Capital Living

Shutdown or no shutdown, lawmakers in House and Senate are certain to get paid

Lawmakers who requested their paychecks be withheld during the government shutdown will end up receiving the money anyway.

{mosads}The Constitution requires all members of Congress be paid — it’s merely a question of timing.

Shutdown pay for House members can be withheld temporarily, but it will have to eventually be dispersed, meaning those lawmakers will get a big chunk of back pay.

Dan Weiser, communications director for the Office of the Chief Administrative Officer, which disperses the House paychecks, said they are accommodating the requests of lawmakers to withhold their pay, but “they will eventually get the money.”

He compared the situation to writing a check for something but not mailing it.

Weiser declined to provide a timeline for issuing back pay, saying simply the office would “hold on to the money for a period of time.”

It’s a little different in the Senate, where members will be paid as normal. 
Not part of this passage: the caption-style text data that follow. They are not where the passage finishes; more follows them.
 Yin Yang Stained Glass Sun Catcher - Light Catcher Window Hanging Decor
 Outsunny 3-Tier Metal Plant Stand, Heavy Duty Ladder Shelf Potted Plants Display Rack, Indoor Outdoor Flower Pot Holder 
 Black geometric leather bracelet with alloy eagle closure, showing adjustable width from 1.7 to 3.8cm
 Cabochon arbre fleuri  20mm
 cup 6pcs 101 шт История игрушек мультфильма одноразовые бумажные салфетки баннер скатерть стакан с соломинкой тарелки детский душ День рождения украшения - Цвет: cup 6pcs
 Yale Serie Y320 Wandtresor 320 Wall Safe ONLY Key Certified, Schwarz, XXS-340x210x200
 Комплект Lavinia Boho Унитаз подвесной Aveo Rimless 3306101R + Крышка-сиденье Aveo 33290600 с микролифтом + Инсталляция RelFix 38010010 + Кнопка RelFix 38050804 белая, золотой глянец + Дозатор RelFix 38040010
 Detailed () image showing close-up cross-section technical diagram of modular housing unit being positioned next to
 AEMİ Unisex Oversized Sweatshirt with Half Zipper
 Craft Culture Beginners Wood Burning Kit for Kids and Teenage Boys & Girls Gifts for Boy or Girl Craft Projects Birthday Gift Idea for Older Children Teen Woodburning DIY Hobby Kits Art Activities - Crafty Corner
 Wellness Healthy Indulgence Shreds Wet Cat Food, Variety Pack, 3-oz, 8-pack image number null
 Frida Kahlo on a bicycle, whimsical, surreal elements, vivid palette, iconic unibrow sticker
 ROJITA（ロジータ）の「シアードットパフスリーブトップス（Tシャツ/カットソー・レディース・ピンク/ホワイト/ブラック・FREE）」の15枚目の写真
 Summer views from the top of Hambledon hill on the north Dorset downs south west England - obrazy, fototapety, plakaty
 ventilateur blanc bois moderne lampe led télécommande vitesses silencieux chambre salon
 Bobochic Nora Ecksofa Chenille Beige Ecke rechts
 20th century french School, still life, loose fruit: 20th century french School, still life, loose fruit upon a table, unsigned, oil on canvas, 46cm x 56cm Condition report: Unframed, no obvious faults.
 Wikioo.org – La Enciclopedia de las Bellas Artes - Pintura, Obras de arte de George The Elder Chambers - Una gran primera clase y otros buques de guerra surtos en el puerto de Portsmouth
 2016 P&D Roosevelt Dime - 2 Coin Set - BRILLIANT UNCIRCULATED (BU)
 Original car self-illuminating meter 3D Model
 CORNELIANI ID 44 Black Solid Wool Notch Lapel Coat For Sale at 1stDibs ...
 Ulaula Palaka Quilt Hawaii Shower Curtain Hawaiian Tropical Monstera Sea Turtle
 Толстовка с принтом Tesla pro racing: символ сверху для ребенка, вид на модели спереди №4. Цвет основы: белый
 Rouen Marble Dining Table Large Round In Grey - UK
But a spokesperson for the Office of Secretary of the Senate said staff there would help members write personal checks to return their portion of shutdown pay to the U.S. Treasury. 

House members would have the same option when they receive that windfall of back pay, of turning around and writing a personal check for the amount to the U.S. Treasury. 

More than 100 lawmakers have said they would refuse pay during the shutdown or donate that portion of their pay to charity, according to a count by The Washington Post.

The 27th Amendment of the Constitution states that “no law, varying the compensation for the services of the Senators and Representatives, shall take effect, until an election of Representatives shall have intervened.”

That means lawmakers’ cannot constitutionally change their pay for this Congress. 

House members are paid at the end of the month, meaning lawmakers and staff received their Sept. 30 paychecks as usual. They are scheduled to be paid again Oct. 31.

Senators and staff are paid on the 5th and the 20th. All will receive their paychecks as normal on the 5th, as that would cover Sept. 15-30. 

It’s the paycheck on the 20th where staffers would see a gap (as that covers Oct. 1-15, which coves the time staffers weren’t paid during the shutdown).

The average salary for rank-and-file members of Congress is $174,000 per year. Members of leadership are paid more.